**SUPPLIED MATERIAL:**
- Opening Delimiter -

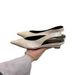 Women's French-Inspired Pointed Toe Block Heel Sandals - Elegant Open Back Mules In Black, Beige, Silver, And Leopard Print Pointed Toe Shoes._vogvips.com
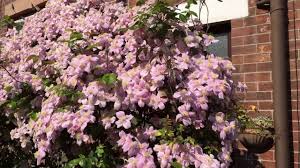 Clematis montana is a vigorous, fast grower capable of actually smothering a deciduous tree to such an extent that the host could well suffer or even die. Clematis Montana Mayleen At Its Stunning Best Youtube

- Closing Delimiter -
- Opening Delimiter -

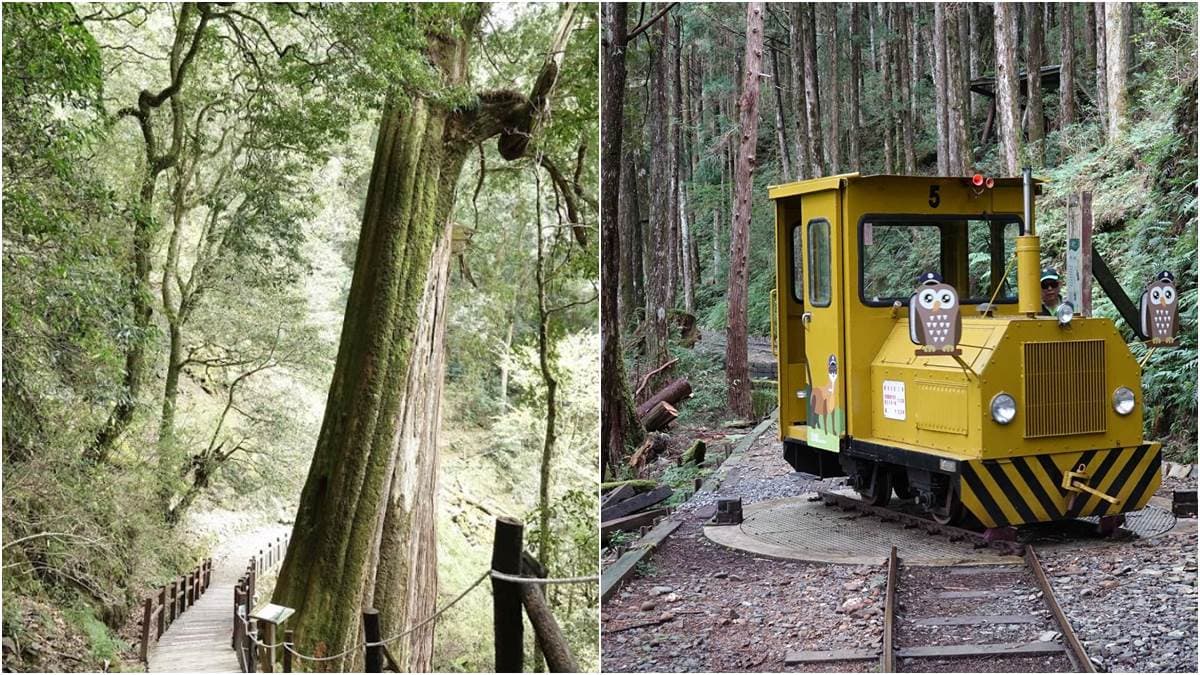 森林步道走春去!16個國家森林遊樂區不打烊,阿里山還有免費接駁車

- Closing Delimiter -
- Opening Delimiter -

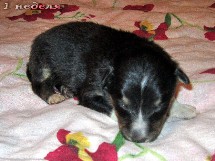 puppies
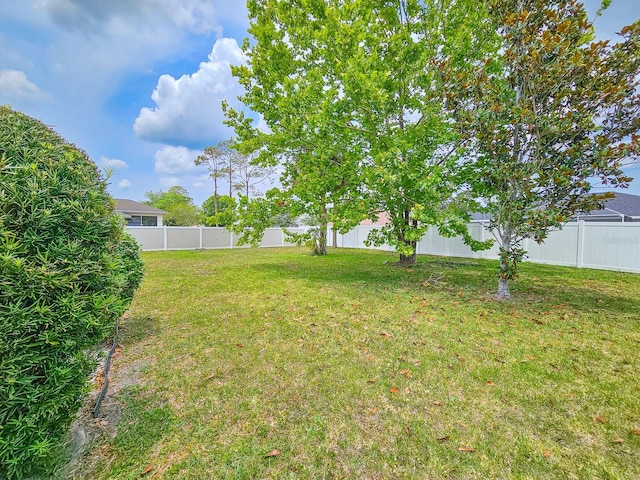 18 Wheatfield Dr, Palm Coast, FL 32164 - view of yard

- Closing Delimiter -

**INSTRUCTIONS FOR THE TASK:**
Leave the pictures out, and transcribe exactly the lines above starting at the one that contains "Women's French-Inspired Pointed" and ending at the one that contains "Clematis montana is".

**TASK ANSWER:**
 Women's French-Inspired Pointed Toe Block Heel Sandals - Elegant Open Back Mules In Black, Beige, Silver, And Leopard Print Pointed Toe Shoes._vogvips.com
 Clematis montana is a vigorous, fast grower capable of actually smothering a deciduous tree to such an extent that the host could well suffer or even die. Clematis Montana Mayleen At Its Stunning Best Youtube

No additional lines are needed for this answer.